The Prologis, Inc. (NYSE:PLD) earnings train rolled on in the third quarter seemingly impervious to the economic and geopolitical uncertainty around it.
The world’s largest logistics real estate owner, developer and operator reported October 15 that core funds from operations came in at 97 cents per diluted share, up from 72 cents per share in the year-earlier quarter. The 2019 results exceeded analysts’ average estimates by 4 cents a share, according to Barchart. The results included 18 cents a share of “net promote income” generated by Prologis’ “strategic capital” venture program; it raised a record $1.6 billion in capital for open-ended projects. The 2018 quarter did not have any such income.
The company also boosted full-year core funds guidance to a range of $3.30 to $3.32 a share from $3.26 to $3.30 a share. The consensus estimate had been $3.28 a share. The company will share 2020 guidance at an investor day early next month.
Net earnings per diluted share rose to 71 cents a share compared to 60 cents, the San Francisco-based company said. Revenue of $712 million was up 16.5% year-on-year, though it missed estimates by $3.72 million, according to website Seeking Alpha.
Occupancy rates dipped to 96.5% from 97.5% in the year-earlier period as Prologis emphasized higher rent flows over occupancy, it said. Rents jumped considerably year-on-year, led by the U.S. market, which company executives said remains strong.
With a portfolio of nearly 800 million square feet in 19 countries, Prologis is a proxy of the health of the global industrial real estate market, particularly the portion of the industrial market focusing on logistics. Fundamentals in the United States, Europe and Japan are healthy, company executives said on the analyst call. Rent growth in continental Europe is the strongest it’s been in a decade, executives said.
Rental rates continue to outperform, and the company has seen no fallout from the various trade disputes, executives said. The same trade-related uncertainty that adversely affects the outlook for some of its transport and logistics customers works to Prologis’ benefit because the lack of clarity often requires businesses to hold additional stock to protect against any changes in the landscape, such as higher tariffs, said Hamad R. Moghadam, Prologis’ CEO.

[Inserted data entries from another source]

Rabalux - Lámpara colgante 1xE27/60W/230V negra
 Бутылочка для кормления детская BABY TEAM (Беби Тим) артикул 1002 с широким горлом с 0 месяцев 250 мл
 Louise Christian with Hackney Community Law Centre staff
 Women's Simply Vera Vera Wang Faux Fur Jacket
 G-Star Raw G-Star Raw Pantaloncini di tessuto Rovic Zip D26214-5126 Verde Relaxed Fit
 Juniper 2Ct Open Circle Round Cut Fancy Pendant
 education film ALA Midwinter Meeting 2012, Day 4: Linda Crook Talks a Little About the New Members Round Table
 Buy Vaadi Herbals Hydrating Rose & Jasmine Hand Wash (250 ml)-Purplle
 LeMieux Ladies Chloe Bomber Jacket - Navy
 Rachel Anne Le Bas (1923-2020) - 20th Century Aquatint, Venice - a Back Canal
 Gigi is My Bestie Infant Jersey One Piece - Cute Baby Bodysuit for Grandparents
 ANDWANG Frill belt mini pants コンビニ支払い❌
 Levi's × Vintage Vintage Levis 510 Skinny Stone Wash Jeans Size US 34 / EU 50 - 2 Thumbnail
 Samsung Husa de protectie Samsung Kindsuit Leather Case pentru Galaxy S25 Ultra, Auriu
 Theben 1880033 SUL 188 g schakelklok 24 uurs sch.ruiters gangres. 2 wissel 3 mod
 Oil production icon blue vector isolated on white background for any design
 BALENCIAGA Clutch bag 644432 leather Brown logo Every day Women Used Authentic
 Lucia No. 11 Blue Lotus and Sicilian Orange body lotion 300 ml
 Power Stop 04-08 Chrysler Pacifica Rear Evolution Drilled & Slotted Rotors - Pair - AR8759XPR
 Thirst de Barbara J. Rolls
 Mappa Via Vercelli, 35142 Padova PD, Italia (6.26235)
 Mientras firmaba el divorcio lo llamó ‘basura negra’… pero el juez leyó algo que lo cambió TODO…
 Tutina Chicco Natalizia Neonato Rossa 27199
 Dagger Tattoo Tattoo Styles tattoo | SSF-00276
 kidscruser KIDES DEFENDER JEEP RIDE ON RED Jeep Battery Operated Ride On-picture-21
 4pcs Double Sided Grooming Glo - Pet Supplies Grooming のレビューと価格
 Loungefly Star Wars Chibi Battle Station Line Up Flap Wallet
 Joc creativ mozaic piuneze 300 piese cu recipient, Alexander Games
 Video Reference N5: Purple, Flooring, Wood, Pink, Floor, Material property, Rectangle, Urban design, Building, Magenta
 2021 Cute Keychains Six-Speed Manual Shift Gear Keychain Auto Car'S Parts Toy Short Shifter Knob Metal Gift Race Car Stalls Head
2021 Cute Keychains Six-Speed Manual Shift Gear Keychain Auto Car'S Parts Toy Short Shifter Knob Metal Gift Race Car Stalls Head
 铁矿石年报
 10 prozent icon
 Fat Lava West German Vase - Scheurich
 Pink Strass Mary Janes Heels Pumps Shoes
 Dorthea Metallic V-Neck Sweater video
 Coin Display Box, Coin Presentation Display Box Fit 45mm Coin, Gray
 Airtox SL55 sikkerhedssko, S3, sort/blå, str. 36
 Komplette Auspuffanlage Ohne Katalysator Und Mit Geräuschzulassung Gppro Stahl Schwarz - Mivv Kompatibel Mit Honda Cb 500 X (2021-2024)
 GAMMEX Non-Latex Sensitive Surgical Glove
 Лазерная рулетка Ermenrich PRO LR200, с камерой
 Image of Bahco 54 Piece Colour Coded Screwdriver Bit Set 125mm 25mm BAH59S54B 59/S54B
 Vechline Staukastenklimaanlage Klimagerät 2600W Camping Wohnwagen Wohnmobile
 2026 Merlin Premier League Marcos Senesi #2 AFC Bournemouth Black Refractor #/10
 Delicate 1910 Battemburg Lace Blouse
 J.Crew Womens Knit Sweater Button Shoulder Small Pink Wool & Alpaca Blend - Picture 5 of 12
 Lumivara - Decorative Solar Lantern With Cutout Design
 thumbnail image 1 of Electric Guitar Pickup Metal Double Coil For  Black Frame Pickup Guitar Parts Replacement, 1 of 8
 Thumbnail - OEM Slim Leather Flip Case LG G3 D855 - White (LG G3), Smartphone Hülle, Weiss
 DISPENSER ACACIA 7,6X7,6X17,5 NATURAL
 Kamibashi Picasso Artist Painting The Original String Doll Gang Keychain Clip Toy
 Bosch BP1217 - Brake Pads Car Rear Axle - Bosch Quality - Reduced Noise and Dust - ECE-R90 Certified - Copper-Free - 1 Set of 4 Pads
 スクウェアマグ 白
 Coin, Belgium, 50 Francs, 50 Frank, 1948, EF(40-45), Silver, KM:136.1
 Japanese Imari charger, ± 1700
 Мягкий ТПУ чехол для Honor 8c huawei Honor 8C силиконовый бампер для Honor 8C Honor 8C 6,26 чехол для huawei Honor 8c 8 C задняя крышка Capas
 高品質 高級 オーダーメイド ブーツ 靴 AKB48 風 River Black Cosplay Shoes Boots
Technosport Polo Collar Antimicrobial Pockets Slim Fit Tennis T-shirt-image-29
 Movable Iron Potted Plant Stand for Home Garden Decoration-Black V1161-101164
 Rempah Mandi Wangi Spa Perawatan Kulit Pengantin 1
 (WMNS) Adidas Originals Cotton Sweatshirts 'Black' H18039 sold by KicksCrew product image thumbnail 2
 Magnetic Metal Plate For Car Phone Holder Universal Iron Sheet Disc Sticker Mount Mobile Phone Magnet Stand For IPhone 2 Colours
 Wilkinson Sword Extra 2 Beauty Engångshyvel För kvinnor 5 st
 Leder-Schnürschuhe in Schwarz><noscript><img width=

Executives on the call said there is nothing to indicate a near-term reversal in any of the trends affecting their markets.
Prologis continues to benefit from the growth in e-commerce fulfillment as companies seek industrial locations that are closer to their customers to offset supply chain costs such as labor and transportation. Demand is solid across property types of all sizes, company executives said. Smaller-size properties more suited for e-commerce fulfillment have the best potential for rent growth, company executives said. Those comments dovetail with recent industry projections of strong demand for the smaller buildings that will not resemble the traditional industrial warehouses.
At mid-afternoon, the price of Prologis’ shares had hit a 52-week high of $88.81 a share, up $2.55 a share.